5.7.1 Combustion Air and Feed/Steam Preheat
        Heat recovery systems can be used to preheat the feed/steam and combustion air
temperature. If steam export needs to be minimized, an increase in the combustion air and
feed/steam temperature through the convective section of the reformer is an option that can
reduce fuel usage by 42 percent and steam export by 36 percent, and result in a total energy
savings of 5 percent compared to a typical SMR (ARCADIS, 2008).
5.7.2 Cogeneration
         Cogeneration of hydrogen and electricity can be a major enhancement of energy
utilization and can be applied with SMR. Hot exhaust from a gas turbine is transferred to the
reformer furnace. This hot exhaust at ~540 °C still contains ~13-percent oxygen and can serve
as combustion air to the reformer. Since this stream is hot, fuel consumption in the furnace is
reduced. The reformer convection section is also used as a HRSG in a cogeneration design.
Steam raised in the convection section can be put through either a topping or condensing turbine
for additional power generation. This technology is owned by Air Products and Technip, and
has been applied at six hydrogen/cogeneration facilities for refineries (ARCADIS, 2008).
5.7.3   Hydrogen Purification
        There are three main hydrogen purification processes.

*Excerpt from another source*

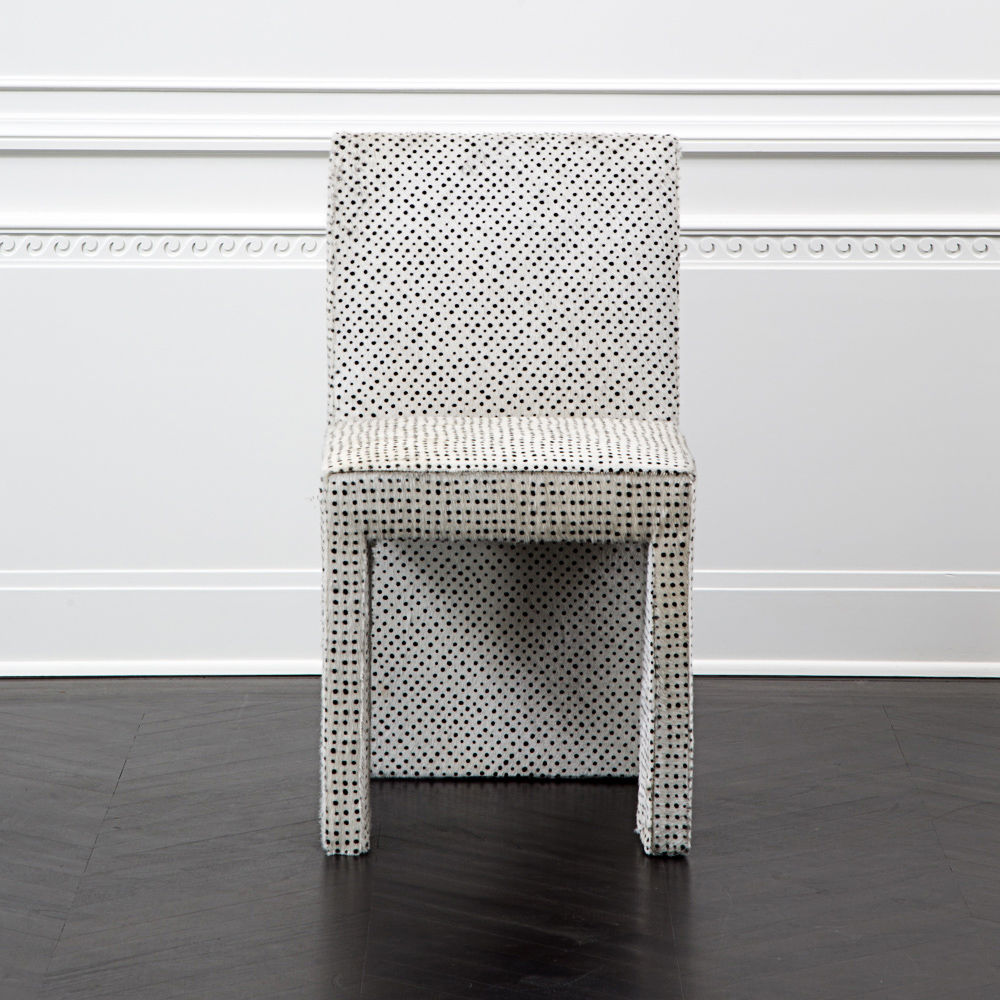 开云（中国） - 坐具|餐椅|办公家具|设计师家具|塞耶餐椅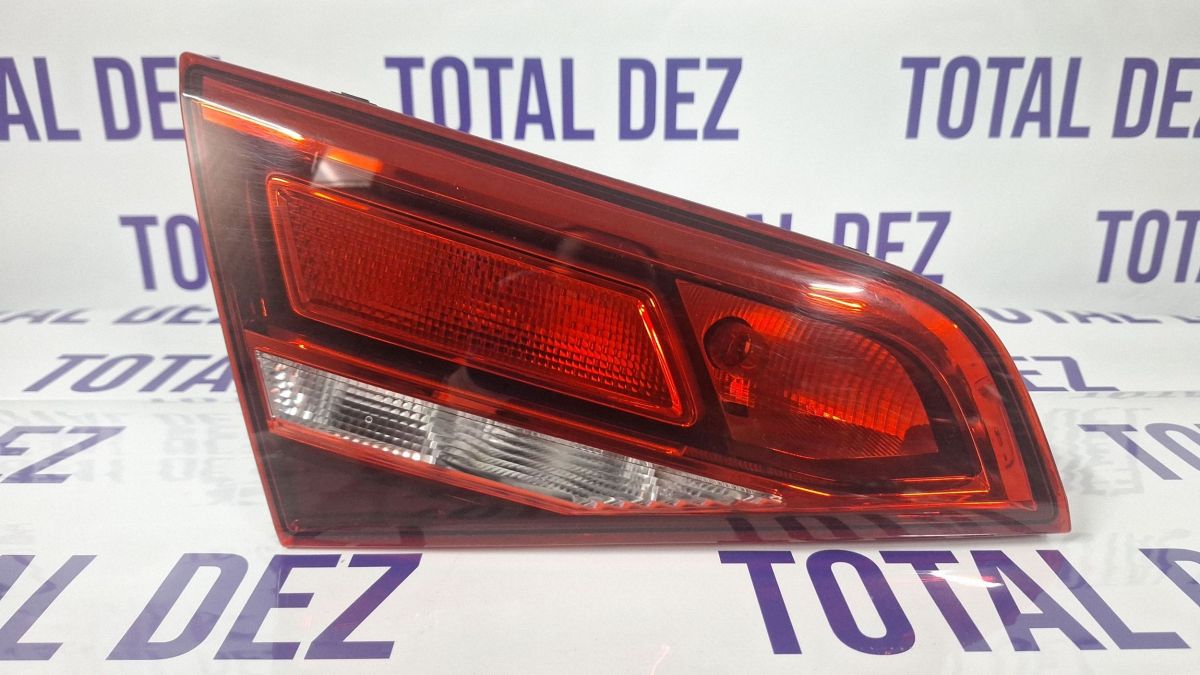 Stop Stanga spate Audi A3 S3 8V 2018 - AU373PA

These are pressure-swing
adsorption, membrane separation, and cryogenic separation. The selection of the purification
method depends, to some extent, on the purity of the hydrogen produced. Pressure-swing
adsorption provides the highest purity of hydrogen (99.9+ percent), but all of these purification
methods can produce 95 percent or higher purity hydrogen stream. When lower purity (i.e.,
95%) hydrogen gas is acceptable for the refinery applications, then any of the purification
methods are technically viable. In such cases, the energy and CO2 intensity of the various
purification techniques could be considered. The purification technique also impacts the ease by
which CO2 recovery and capture can be used. See also the carbon capture techniques in Section
5.1.4.
5.8     Hydrotreating Units
         A number of alternative hydrotreater designs are being developed to improve efficiency.
New catalysts are being developed to increase sulfur removal, and reactors are being designed to
integrate process steps. While many of these designs have not yet been proven in production,
others such as oxidative desulfurization and the S Zorb process have been demonstrated at
refineries. The design of both modifications and new facilities could consider the current state of
the art (Worrell and Galitsky, 2005). Hydrotreaters consume hydrogen, so new hydrotreating
units may also increase hydrogen production at the facility (see Section 5.7). Hydrotreaters also


                                              32
produce sour gas so the GHG reduction options discussed for sulfur scrubbing technologies
(Section 5.2.1.3) and sulfur recovery units (Section 5.6) could be considered.
5.9     Crude Desalting and Distillation Units
         Before entering the distillation tower, crude undergoes desalting at temperature ranging
from 240 to 330 °F. Following desalting, crude enters a series of exchangers, known as preheat
train to raise the temperature of the crude oil to approximately 500 °F. A direct-fired furnace is
typically then used to heat the crude oil to between 650 and 750 °F before the crude oil is
transferred to the flash zone of the tower. The crude oil furnaces are among the largest process
heaters at the refinery; GHG reduction measures for these furnaces could be considered. Also, as
the crude distillation unit employs among the largest process heaters at a refinery, carbon capture
techniques (Section 5.1.4) could be considered. Additional GHG reduction measures are
described below.
5.9.1   Desalter Design
       Alternative designs for the desalter, such as multi-stage units and combinations of AC
and DC fields, may increase efficiency and reduce energy consumption (Worrell and Galitsky,
2005).
5.9.2   Progressive Distillation Design
       In the conventional scheme, all the crude feed is heated to a high temperature through the
furnace prior to entering the atmospheric tower. Some lighter components of crude are
superheated in the furnace, resulting in an irreversible energy waste. The progressive distillation
process uses a series of distillation towers working at different temperatures (see Figure 6). The
advantage of progressive distillation is that it avoids superheating of light fractions to
temperatures higher than strictly necessary for their separation. The energy savings with
progressive distillation has been reported to be approximately 30 percent (ARCADIS, 2008).
Crude heaters account for approximately 25 percent of process combustion CO2 emissions
(Coburn, 2007); therefore, progressive distillation can reduce nationwide GHG emissions from
petroleum refineries by almost 5 percent.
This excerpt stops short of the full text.